Example. As an example, we'll consider a simple plugin that adds additional messages at the beginning and end of each experiment. The plugin will be called pycomex_hello_world.

pycomex_hello_world/main.py
from pycomex.plugins import Plugin, hook

class HelloWorldPlugin(Plugin):

    @hook('before_experiment', priority=0)
    def before_experiment(self, *args, **kwargs):
        print('Hello World! The experiment is about to start.')

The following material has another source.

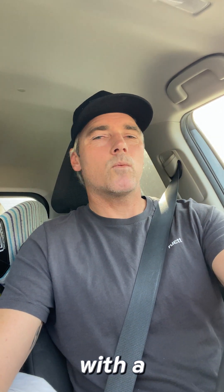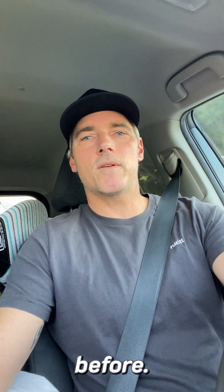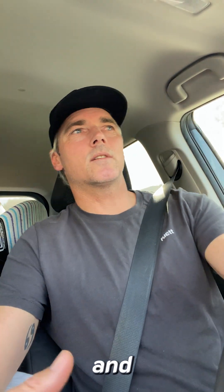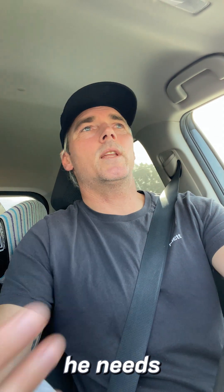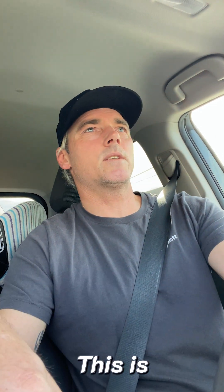Hey guys, what's going on? Just finished a lesson with a first-time student — never surfed before. Got him on a soft top just to get him in some whitewash and show him how to pop up, and basically gave him an overall foundation of what he needs to know prior to going out. So this is how it went.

    @hook('after_experiment', priority=0)
    def after_experiment(self, *args, **kwargs):
        print('Goodbye World! The experiment has finished.')

To complete the plugin, you'll need to ensure that the package is installed in your Python environment. This can be done by creating an appropriate pyproject.toml or setup.py file.

Plugin Initialization

Do not use the default python __init__ constructor of your custom plugin class, as the actual plugin object instance will be automatically created by the plugin system internally. Instead use the init hook to perform any necessary setup operations which would usually be done in the constructor. This hook will be called right after the plugin object instance is created.

Summary. To summarize a plugin can be created by the following steps:

  1. Create a new Python package with the name starting with pycomex_.
  2. Create a main.py module inside this package.
  3. Implement a subclass that inherits from the pycomex.plugins.Plugin class inside the main.py module.
  4. Register the necessary hooks inside of this subclass.